Records from a data source:
════════════════════
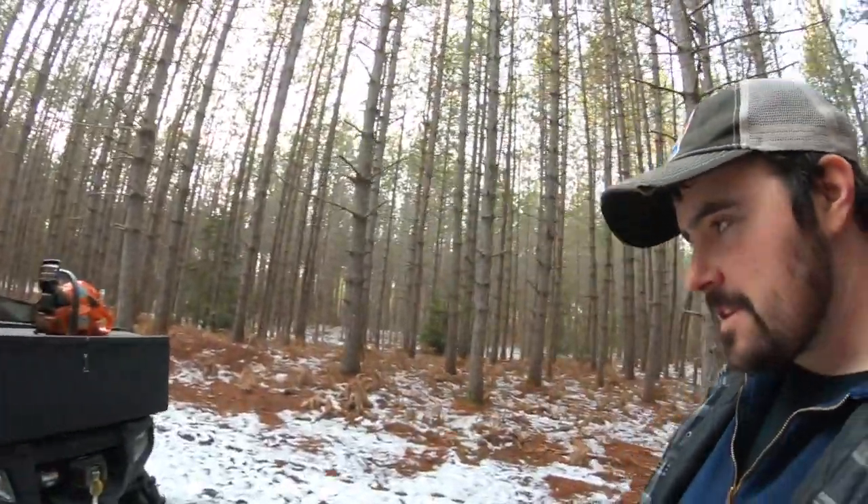I bought an Alaskan sawmill — one of those aluminum-looking things that goes onto a chainsaw to cut logs. I bought that before I bought my Woodland Mills HM-130. The reasons were: I already had a chainsaw, and it was cheap. I thought the Alaskan sawmill was going to be sufficient, but it turned out to be a little bit on the slow side. So today I want to talk about why this Husqvarna 555 should stick to cutting firewood.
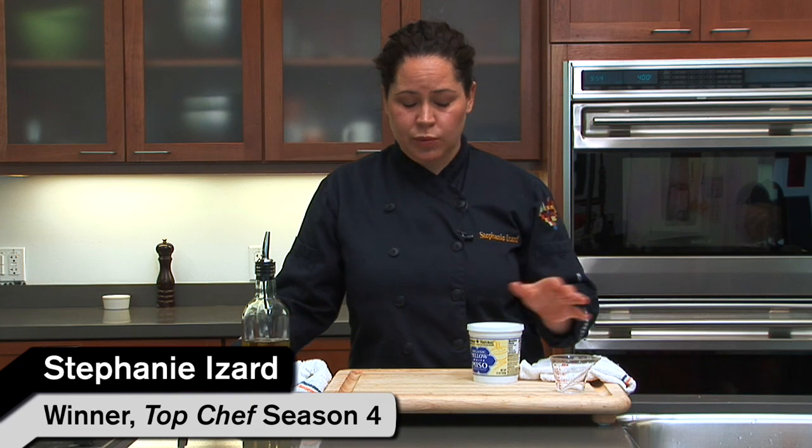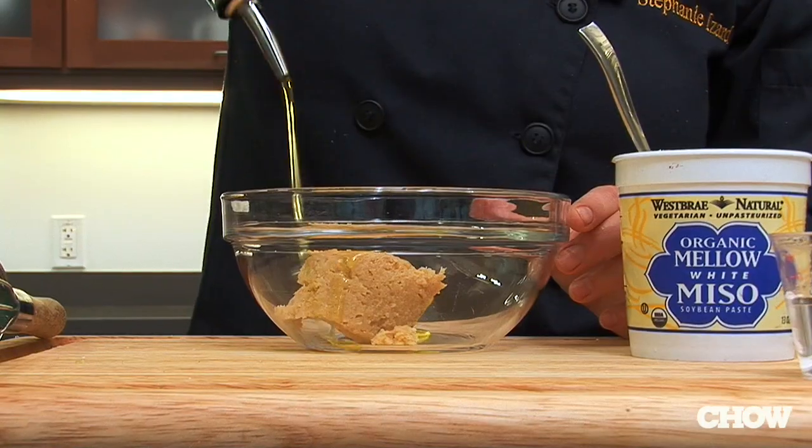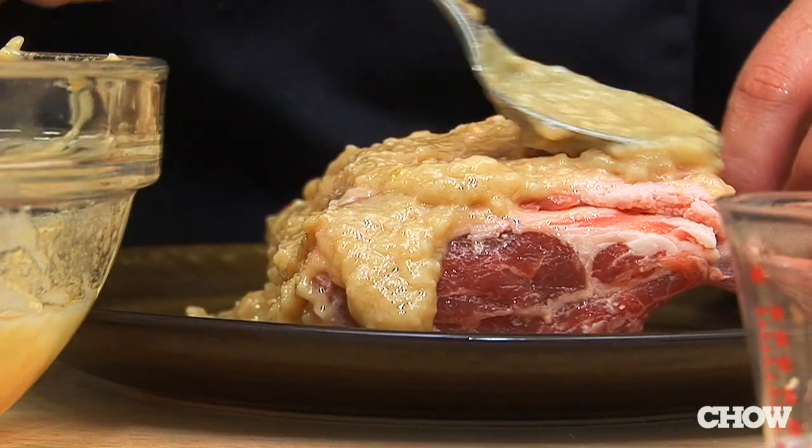This is a great marinade I've been using lately. It's really simple and it brings nice saltiness to your meat. All you do is take a little bit of white miso, olive oil, and water, whisk it together, then rub it on the lamb.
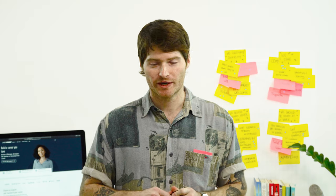Are you looking for an innovative way to solve problems and bring your team together? In this video, we're going to teach you all about how to give a design thinking workshop.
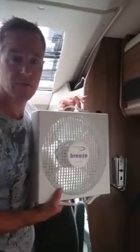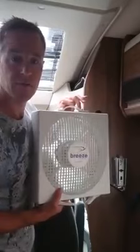It is probably the most expensive 12 volt fan you can get, but it seems very good and I hope this helps you make your choice.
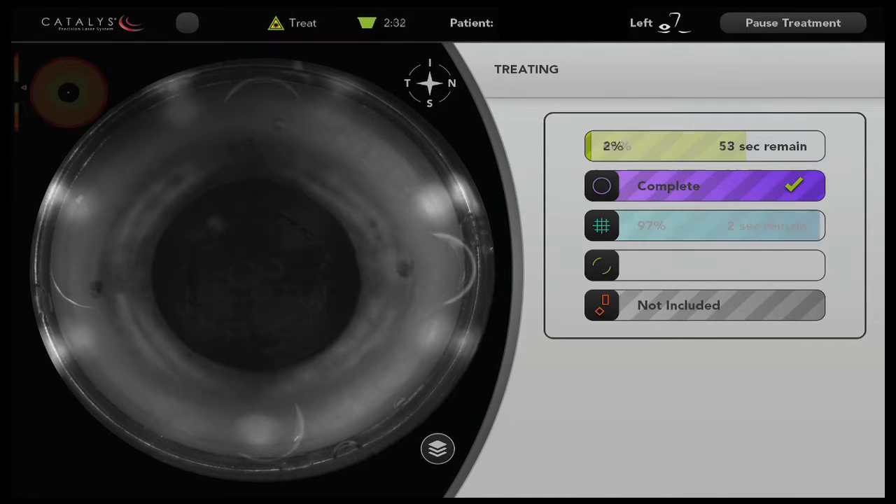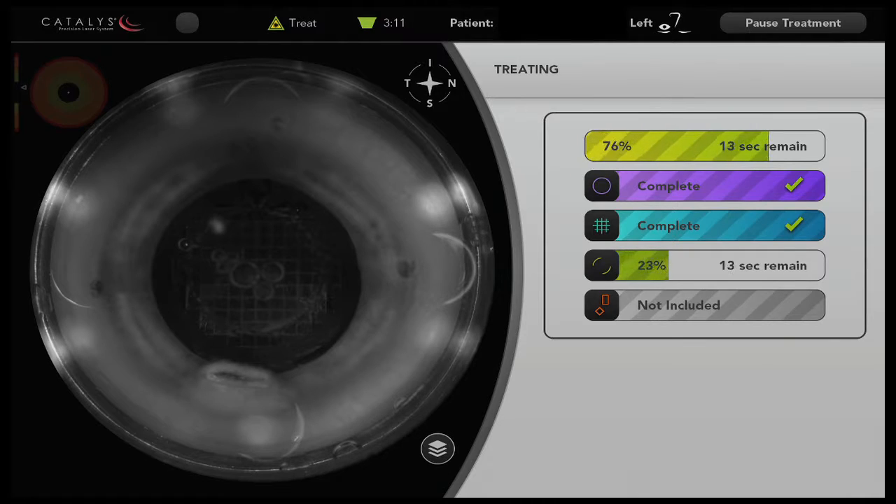One of the things that's been a key element to producing a more accurate orientation of the arcuate incisions for me has been using a new marking pin, and these are readily visible underneath the infrared camera of the Catalyst system.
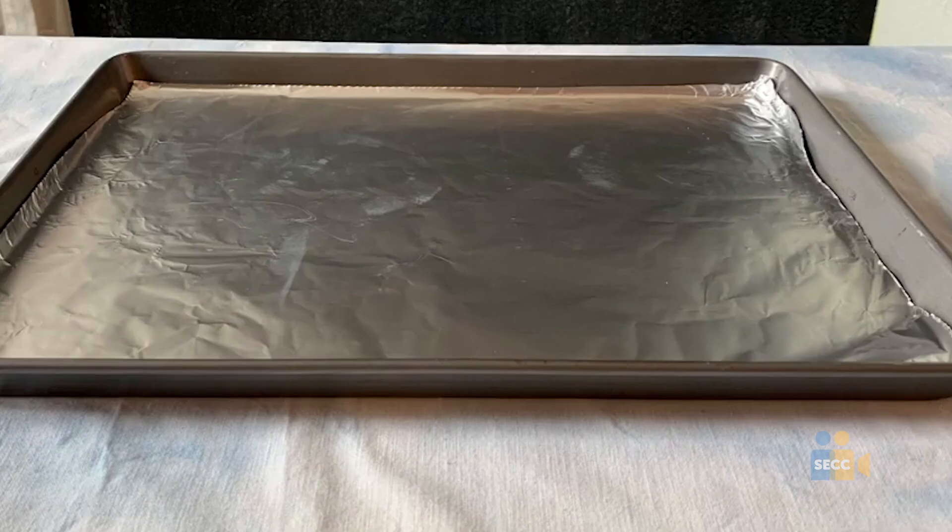Also, for the experiment, we highly recommend that you have a tray because this experiment can get a little messy.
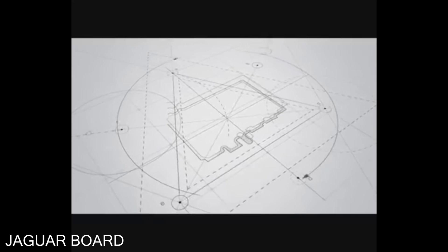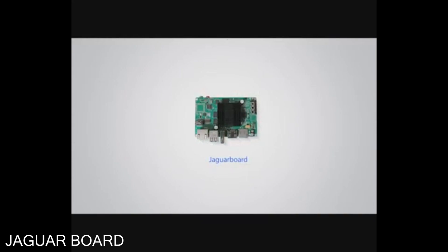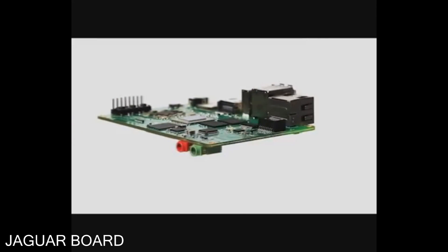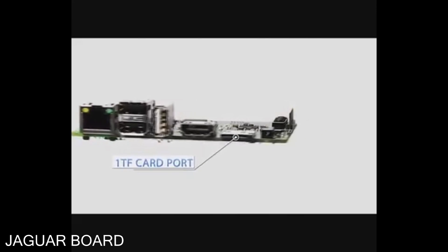Jaguar Board is a standalone x86-based single board computer. You don't need to learn ARM for using it — just enjoy it like playing with an x86 computer. Jaguar Board is designed for better performance on system scalability and compatibility.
════════════════════
Task brief:
Retype the line containing "Are you looking" and each line after it through the last line of the entries above, exactly, with no pictures and nothing else.

Exercise response:
Are you looking for an innovative way to solve problems and bring your team together? In this video, we're going to teach you all about how to give a design thinking workshop.
It is probably the most expensive 12 volt fan you can get, but it seems very good and I hope this helps you make your choice.
One of the things that's been a key element to producing a more accurate orientation of the arcuate incisions for me has been using a new marking pin, and these are readily visible underneath the infrared camera of the Catalyst system.
Also, for the experiment, we highly recommend that you have a tray because this experiment can get a little messy.
Jaguar Board is a standalone x86-based single board computer. You don't need to learn ARM for using it — just enjoy it like playing with an x86 computer. Jaguar Board is designed for better performance on system scalability and compatibility.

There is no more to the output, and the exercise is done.